━━━ Dataset content ━━━

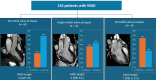 Bar graphs show the prevalence of arrhythmias in patients with MAD
according to the presence and pattern of MVP. MR images with the MVP are
marked in yellow, and the median length and IQR are shown for each type. MAD
= mitral annular disjunction, MVP = mitral valve prolapse.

━━━

■ **Exercise**
From the listing, extract all text exactly as given and drop any picture.

■ **Output for this exercise**
 Bar graphs show the prevalence of arrhythmias in patients with MAD
according to the presence and pattern of MVP. MR images with the MVP are
marked in yellow, and the median length and IQR are shown for each type. MAD
= mitral annular disjunction, MVP = mitral valve prolapse.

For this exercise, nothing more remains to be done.